1981 Investigators found the severed head of missing six-year-old Adam Walsh in a drainage ditch in rural Indian County, Florida, about 130 miles from where he disappeared two weeks before. Ottis Toole, a convicted serial killer, confessed to Adam's murder but was never charged for it due to a botched investigation. Adam's father John Walsh became an advocate for victims of violent crime.

1993 A freighter collided with two barges at the mouth of Tampa Bay, Fla., spilling 330,000 gallons of fuel oil and another 32,000 gallons of jet fuel, diesel fuel, and gasoline into the water. No one was killed but a five-mile-long slick developed and a thirteen-mile stretch of beach was fouled by the oil. “In 1999, the federal and state trustees reached an $8 million settlement with the vessel owners to resolve government claims, including cleanup and damage assessment costs, and restore natural resources” (www.baysoundings.com).

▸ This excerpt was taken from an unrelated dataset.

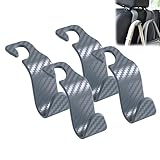 Amooca Car Seat Headrest Hook 4 Pack Hanger Universal Vehicle Car Storage Organizer for Handbag Purse Coat S Type Checkered Grey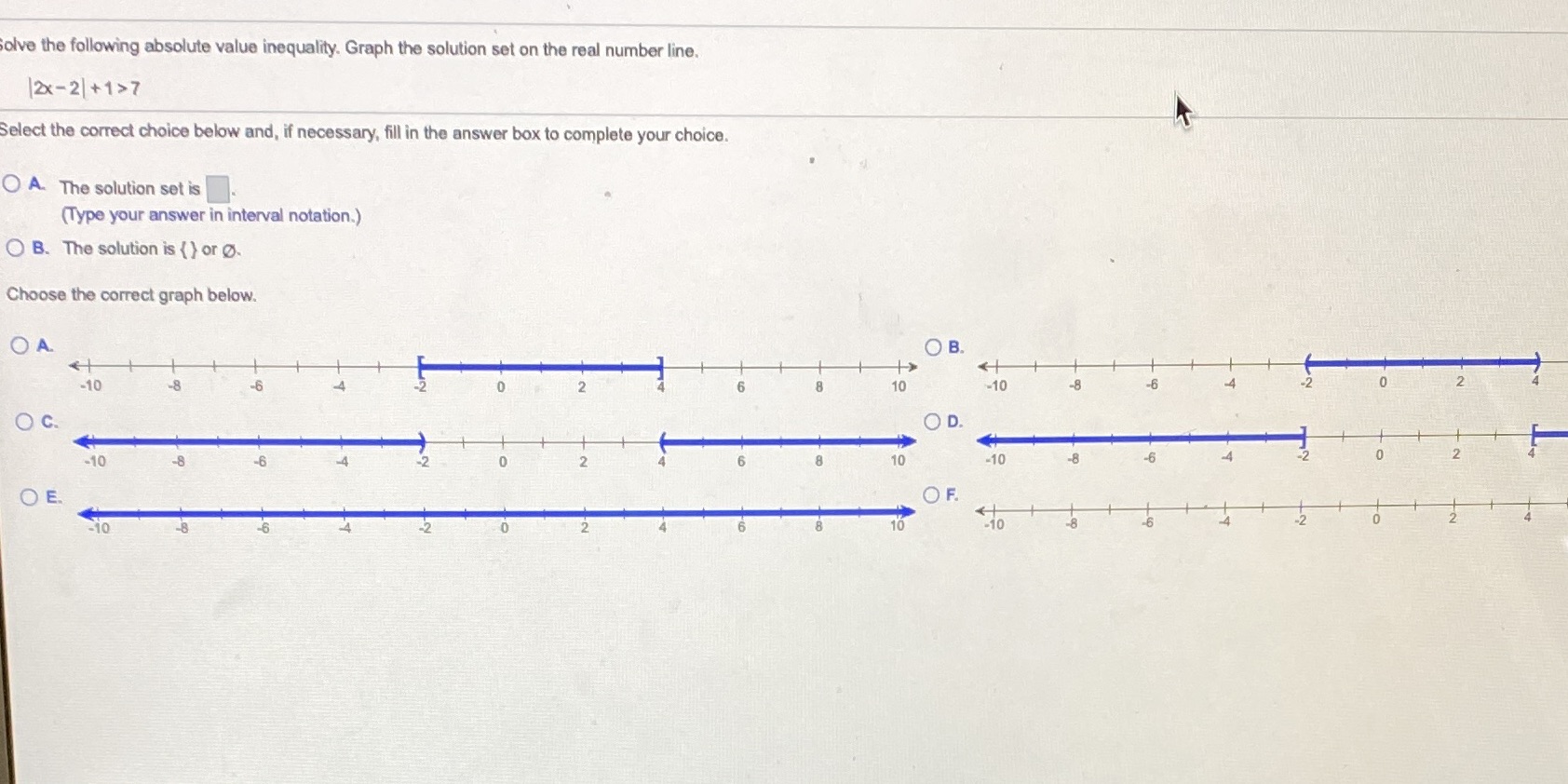 2. olive the following absolute value inequality. Graph the solution set on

1994 U.S. President Clinton filed a motion to dismiss a sexual harassment lawsuit filed by Paula Corbin Jones on the grounds of presidential immunity. After years of legal wrangling, in 1998 Clinton paid Jones $850,000 in an out-of-court settlement with no acknowledgement of wrong-doing.

1995 A U.S. federal court indicted domestic terrorists Timothy McVeigh and Terry Nichols for the Oklahoma City bombing that killed 168 people and injured more than 680. Michael Fortier plead guilty in a plea-bargain for his testimony.

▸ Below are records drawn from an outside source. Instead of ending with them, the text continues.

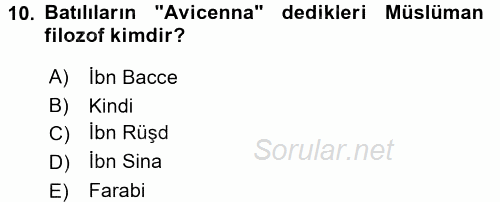 İslam Düşünce Tarihi 2015 - 2016 Tek Ders Sınavı 10.Soru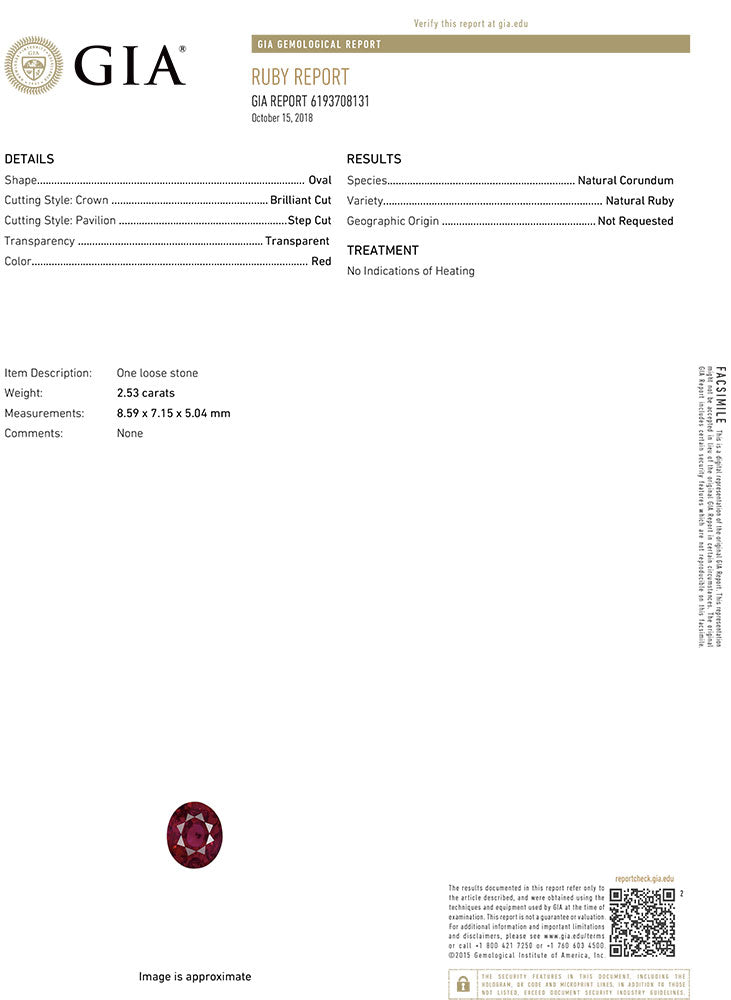 Ruby Oval GIA Certified Untreated 2.52  cts.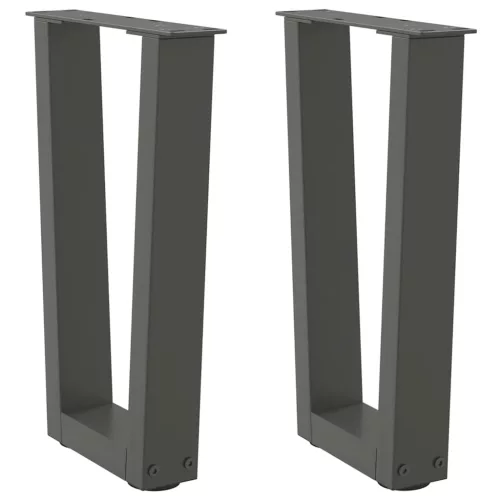  2 db antracitszürke, V-alakú acél dohányzóasztal láb 28 x (42-43,3) cm
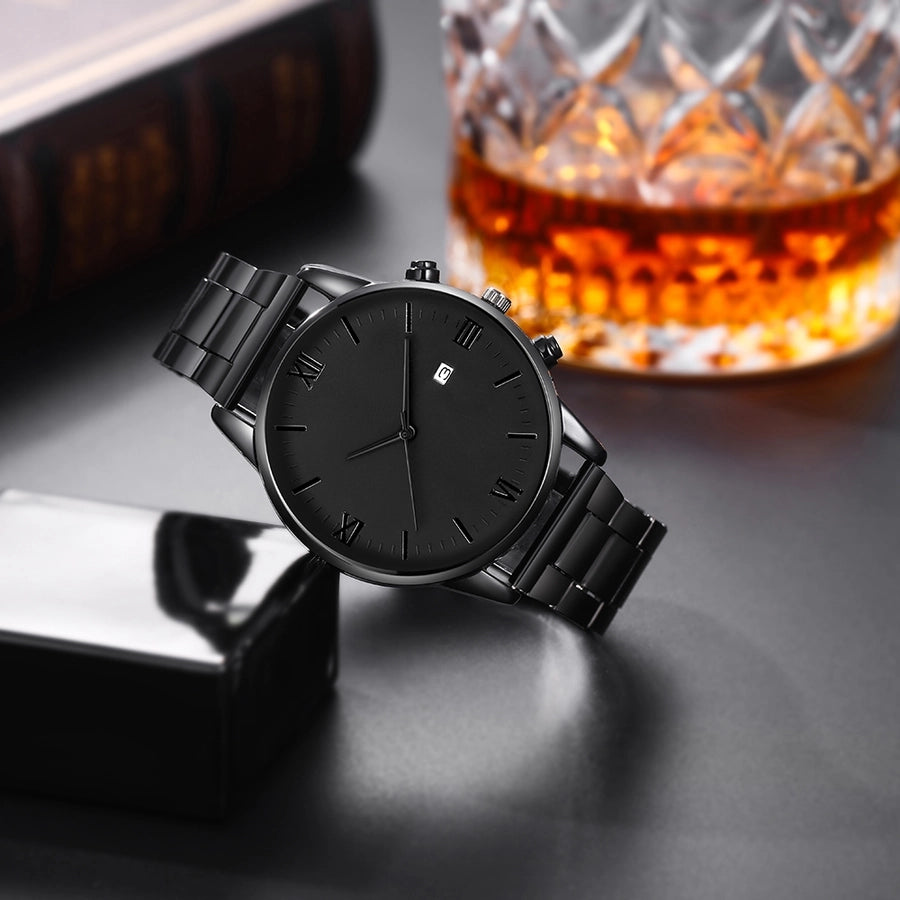 Montres à quartz pour hommes avec boucle déployante simple Business Number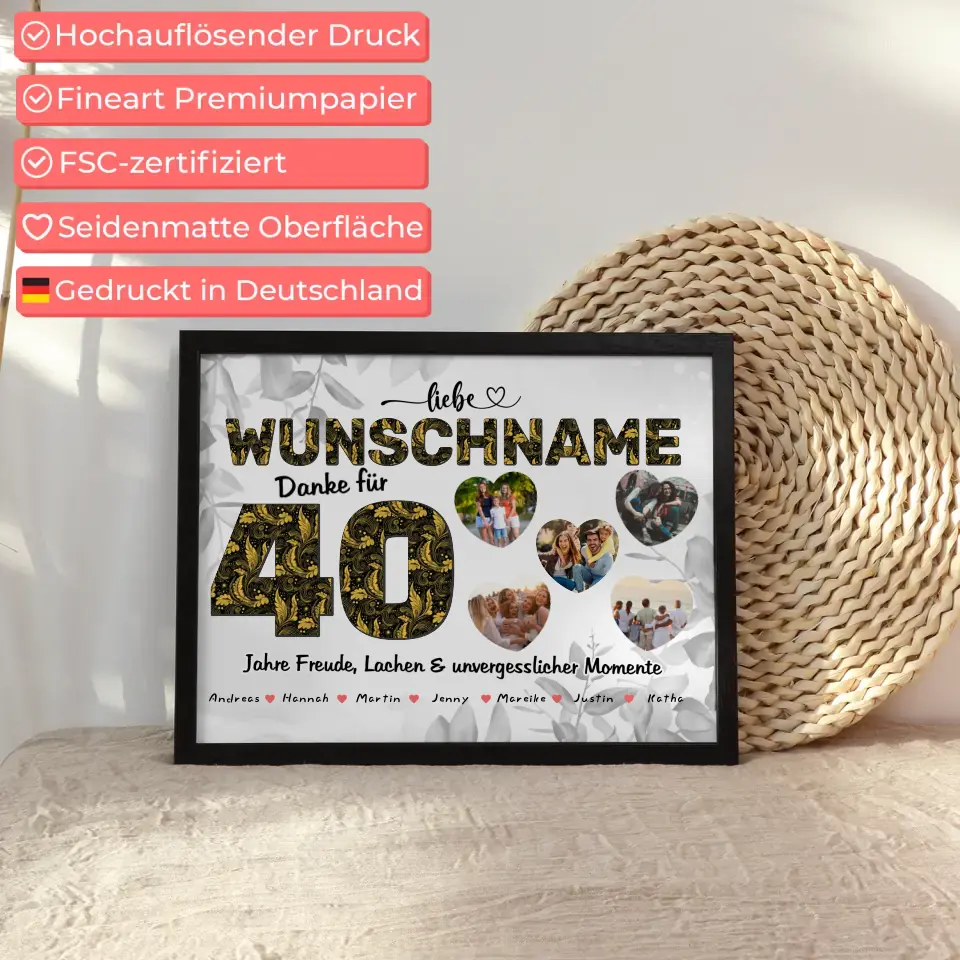 Poster personalisiert für Mama 40 Geburstag mit 5 Herz Fotos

1999 An Indian fighter jet shot down a Pakistani naval aircraft for crossing into Indian air space. Sixteen people were killed. Pakistan claimed the plane was on a routine exercise and lodged a compensation claim with the International Court of Justice, but the Court dismissed the case.

1999 White supremacist Buford O. Furrow, Jr. walked into the Los Angeles Jewish Community Center and opened fire with a submachine gun, wounding two adults and three boys. He fled the scene, carjacked a Toyota at gunpoint, killed a postal worker because he was Asian, and took a 275-mile taxi ride to Las Vegas, where he walked into an FBI office and confessed.

2006 Scotland Yard foiled a major terrorist plot to detonate liquid explosives smuggled in hand luggage on ten aircraft travelling from the UK to the U.S. and Canada.

2009 The Handlová mine blast in Trencin Region, Slovakia, killed 20 people and injured nine. The deadly explosion occurred after mine rescuers had earlier been deployed to extinguish a fire in the Eastern shaft of the mine. Three mining company employees were eventually charged with negligence.

2018 A jury in California awarded $289 million to former groundskeeper Dewayne Johnson in the Monsanto "Roundup" case. Johnson contracted terminal cancer after using the popular weed killer.